Saved data entries
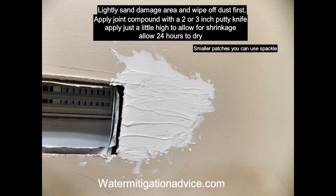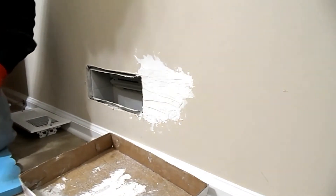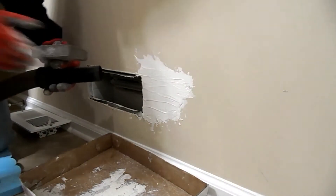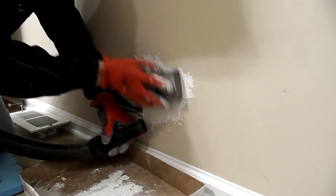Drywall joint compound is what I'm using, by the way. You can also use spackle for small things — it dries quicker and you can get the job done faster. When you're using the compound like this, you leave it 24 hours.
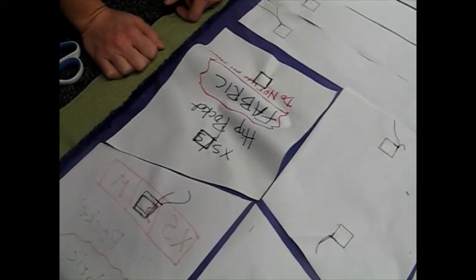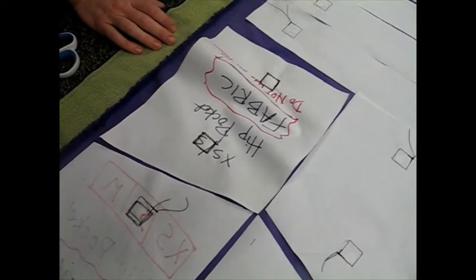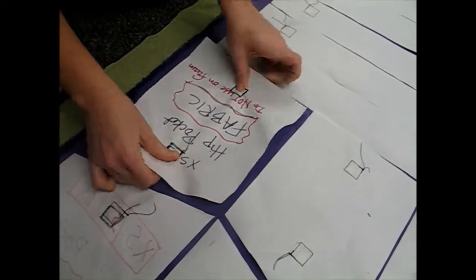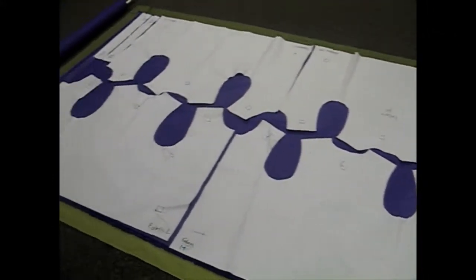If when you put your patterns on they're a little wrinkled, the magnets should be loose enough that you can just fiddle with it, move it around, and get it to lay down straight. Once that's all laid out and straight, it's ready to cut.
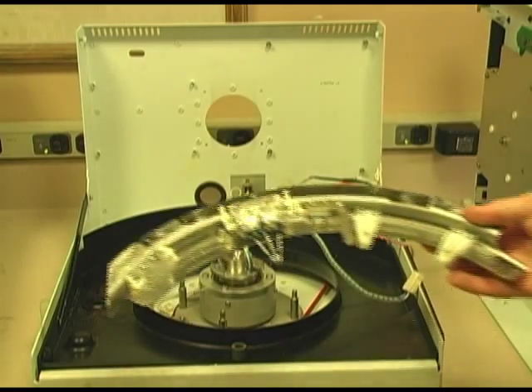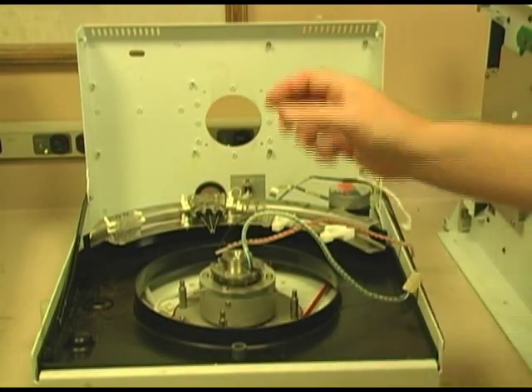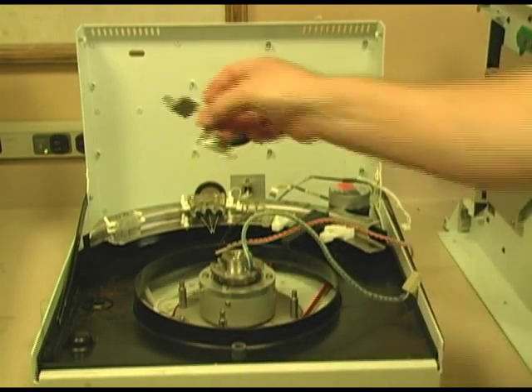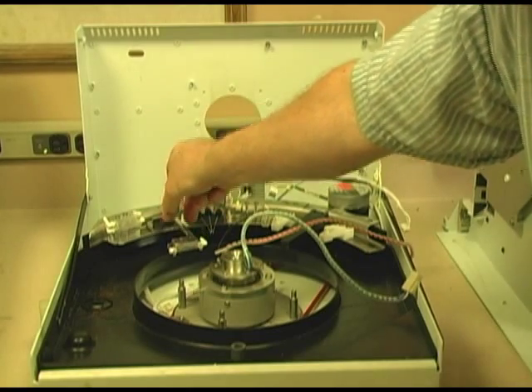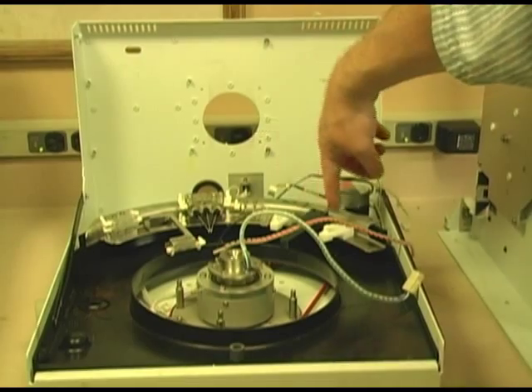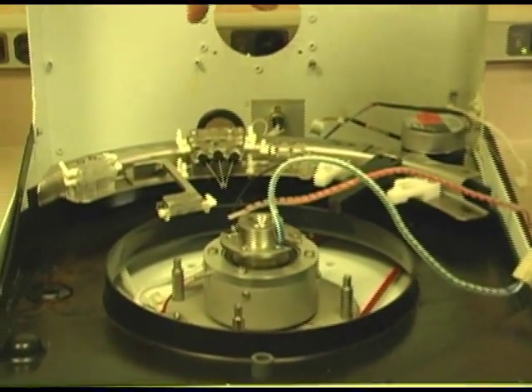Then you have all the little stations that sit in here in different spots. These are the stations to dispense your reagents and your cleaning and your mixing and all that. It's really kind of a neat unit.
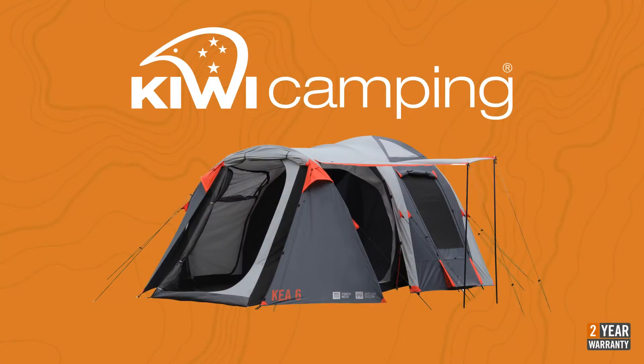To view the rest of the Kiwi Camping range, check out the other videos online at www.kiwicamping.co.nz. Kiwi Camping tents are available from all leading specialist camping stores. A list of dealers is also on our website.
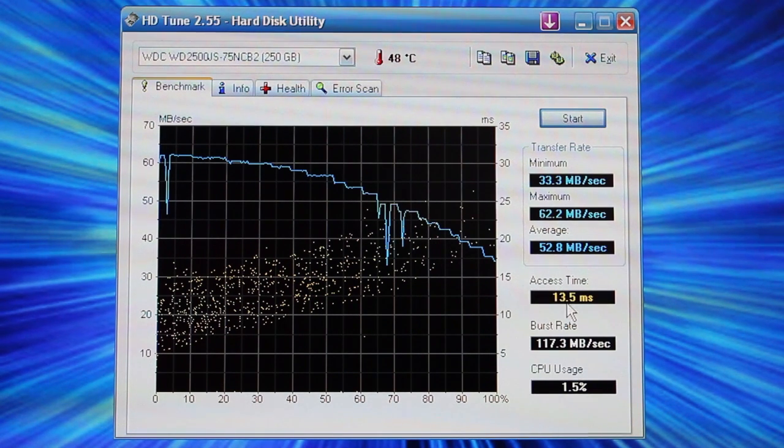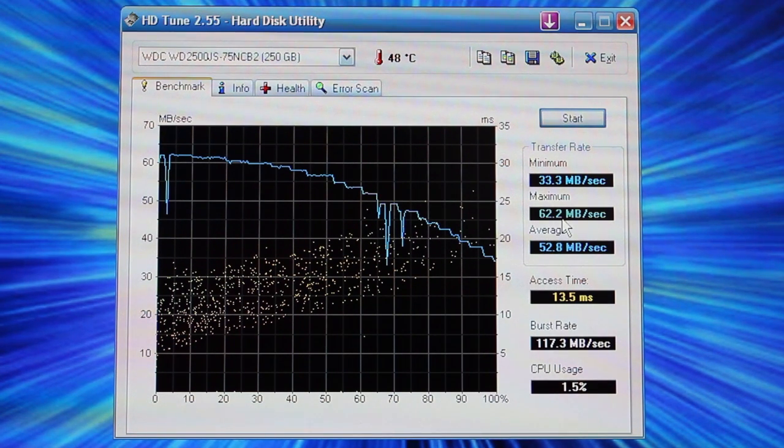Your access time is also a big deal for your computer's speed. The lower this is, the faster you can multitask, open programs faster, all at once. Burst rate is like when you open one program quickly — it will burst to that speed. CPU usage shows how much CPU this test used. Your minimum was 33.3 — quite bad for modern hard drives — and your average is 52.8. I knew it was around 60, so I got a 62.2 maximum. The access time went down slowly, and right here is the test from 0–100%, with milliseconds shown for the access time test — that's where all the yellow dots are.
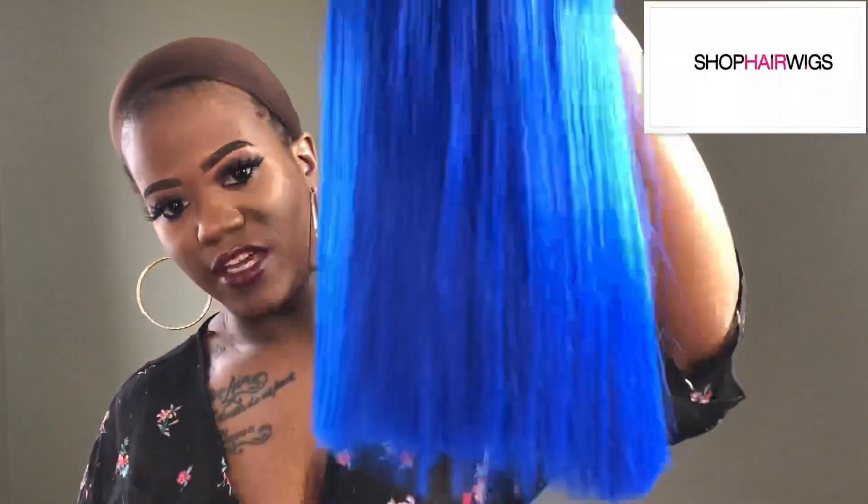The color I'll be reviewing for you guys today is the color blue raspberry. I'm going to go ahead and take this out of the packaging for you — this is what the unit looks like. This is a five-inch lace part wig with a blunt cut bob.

● EXERCISE REQUIREMENTS:
Could you write out exactly the lines running from the one with "To view the" through the last line of the data above, both ends kept, and omit any picture?

● SOLUTION TO THE PROBLEM:
To view the rest of the Kiwi Camping range, check out the other videos online at www.kiwicamping.co.nz. Kiwi Camping tents are available from all leading specialist camping stores. A list of dealers is also on our website.
Your access time is also a big deal for your computer's speed. The lower this is, the faster you can multitask, open programs faster, all at once. Burst rate is like when you open one program quickly — it will burst to that speed. CPU usage shows how much CPU this test used. Your minimum was 33.3 — quite bad for modern hard drives — and your average is 52.8. I knew it was around 60, so I got a 62.2 maximum. The access time went down slowly, and right here is the test from 0–100%, with milliseconds shown for the access time test — that's where all the yellow dots are.
The color I'll be reviewing for you guys today is the color blue raspberry. I'm going to go ahead and take this out of the packaging for you — this is what the unit looks like. This is a five-inch lace part wig with a blunt cut bob.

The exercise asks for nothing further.